Agradezco infinitamente que, de niño, mi padre me apuntara a mecanografía. Soy el resultado de aquellas clases en las que una gran Olivetti me hacía sentir como Sokolov frente a la sonata nº 32. Tracatacatacatacatá. Fue duro. Los dedos se espanzurraban entre la g y hache. La fuerza y la máquina podría habernos dejado mancos a toda la clase. Pero sobrevivimos. Así que cuando me preguntaban, niño, qué quieres ser de mayor, yo decía: escritor de teclas.
Pero no perdamos el hilo narrativo. Soy el resultado de ese traqueteo y de las clases de pintura a las que me apuntó mi madre con un artista local. El ruido de las teclas y el colocón del aguarrás hicieron esta personalidad despistada y burra que soy ahora. Una mezcla de desierto, casualidad y cafetería, parafraseando a Paquito (Javier Cámara) en La mala educación. Pero nadie dijo lo de “con ustedes, a continuación, el misterio y la fascinación, la inimitable, ¡Zahara!”.
Podría haber sido. Durante mi infancia no se consideraba que los padres tuvieran que ser correctos, había que tenerles respeto y hacerles caso. Punto. Y mientras nos echaban el humo del puro en la cara con sabor a coñac de carajillo, nos mandaban a la calle “a jugar”. Mucha calle hubo en los ochenta y mucha habitación. Yo pasaba las horas tecleando en la Olivetti portátil y dibujando con las ceras manley con las que acababa como el mimo Marceu. Me imaginaba de maestro o escribiendo cuentos. Yo no sé si les pasaba lo mismo a Eduardo Mendoza, Luis Landero o Fernando Aramburu, pero yo desde luego, cada vez que me preguntan –ando de promoción con la novela- digo eso.
La otra tarde esperaba en el reinaugurado El Comercial a un periodista que me tenía que entrevistar por mi novela. Me quedé mirando las películas porno que venden en el kiosco y se me fue la cabeza. A los cinco años ya había visto cine X desde unas ventanas ocultas del cine Montecarlo de Buñol. Mi amigo Carlos era hijo del director de la orquesta y vivía sobre el teatro, justo encima de la pantalla del cine.
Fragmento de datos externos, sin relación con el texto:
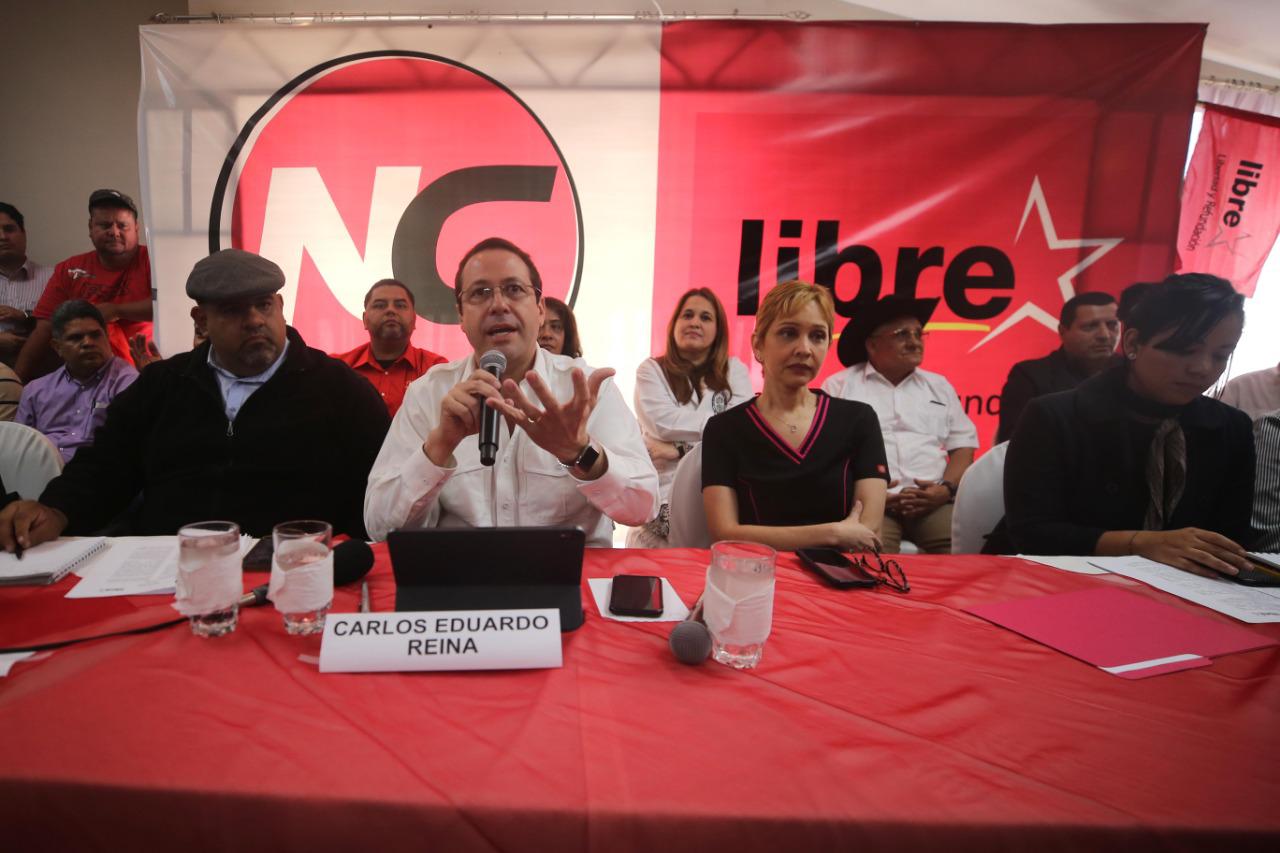 Aspirantes A Diputados Del Movimiento Nueva Corriente: Conociendo A Los Candidatos Aspirantes A Diputados Del Movimiento Nueva Corriente: Conociendo A Los Candidatos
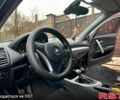Серый БМВ 1 Серия, объемом двигателя 1.6 л и пробегом 230 тыс. км за 6000 $, фото 4 на Automoto.ua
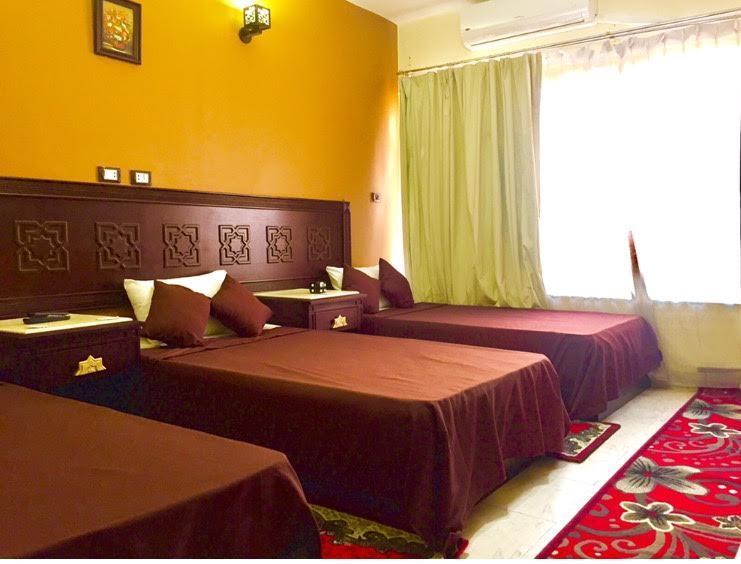 Cairo Heart Hotels Εξωτερικό φωτογραφία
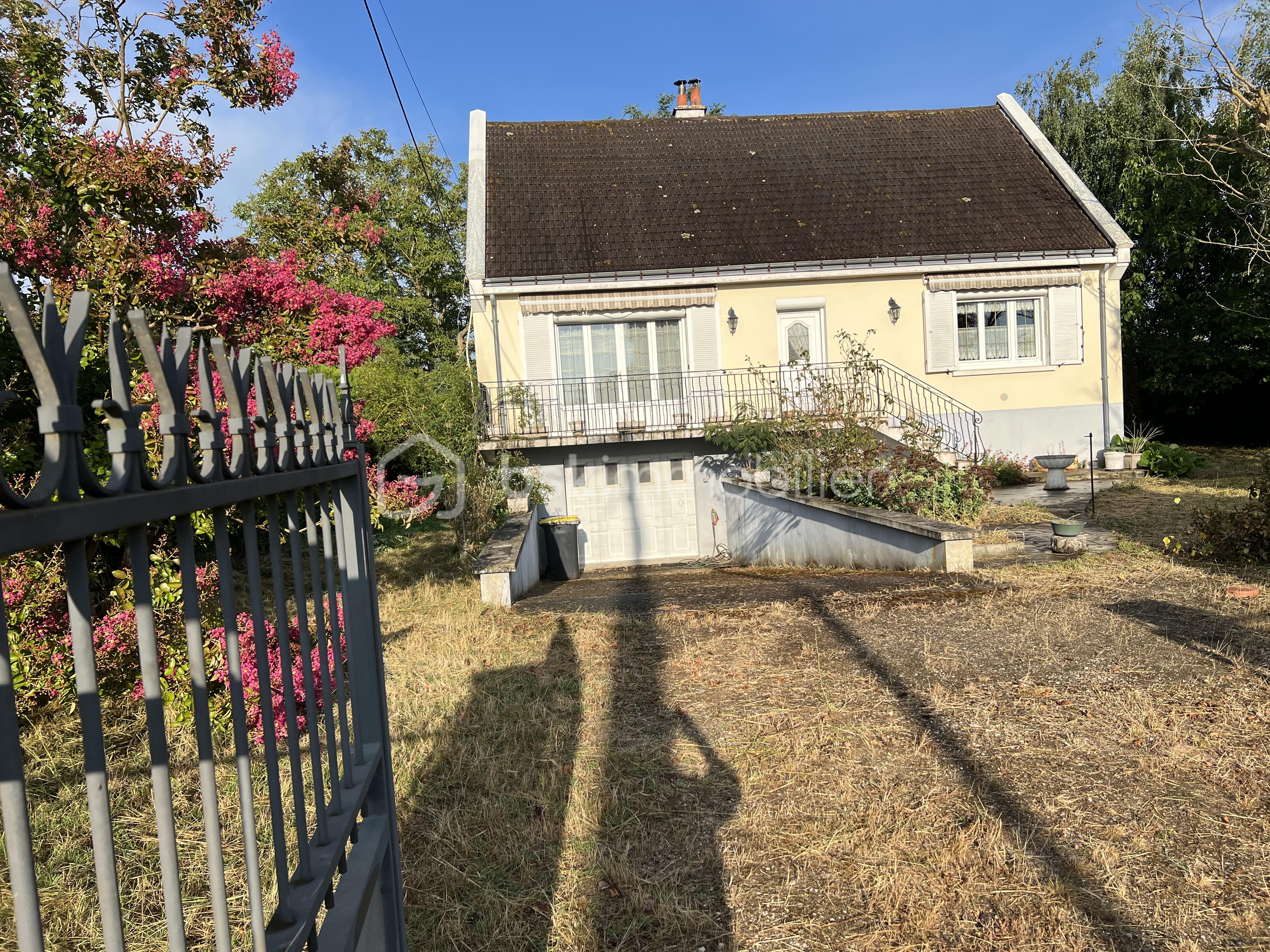 Maison traditionnelle de 80 m² - IMG_6720.jpg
Agachados en el ventacuno veíamos escenas prohibidas y la realidad se antojaba menos cotidiana. De todas aquellas películas que fui viendo con los años solo recuerdo Furia de Titanes con Úrsula Andress y Harry Hamlin haciendo de un musculado Perseo. Pero ya tendría yo nueve años. De todas las actividades que me vinieron a la cabeza mientras esperaba al periodista, creo que la más útil, fue hacerme una foto con el balón de reglamento que me regaló mi padre y guardarlo en el armario. Nunca lo usé. No tenía teclas. Prefería salir a buscar aventuras por las afueras del pueblo, en la papelera donde había revistas usadas y jugar tras la tapia del colegio, donde la vida era excitante.
He intentado hacer memoria de aquellos años para explicar la novela, pero desordeno recuerdos y fechas, se me mezcla todo. Sin embargo, aparece con especial nitidez una noche en la que mi padre me paseó con el coche a ver a las putas y las travestis de la avenida del Oeste en Valencia. Me enseñaban las tetas tras la ventanilla y yo debía flipar. Esa educación a coscorrones era tan bruta como las teclas de la Olivetti de la academia, tan dura como las rosquillas de almendra del horno donde merendaba y tan zafia como las letras de las vedettes que veíamos en los espectáculos de fiesta del pueblo vecino. Pero a mi me gustaba, creo.
He intentado a conciencia entender aquellos años, pero no hay solución. Es lo que es.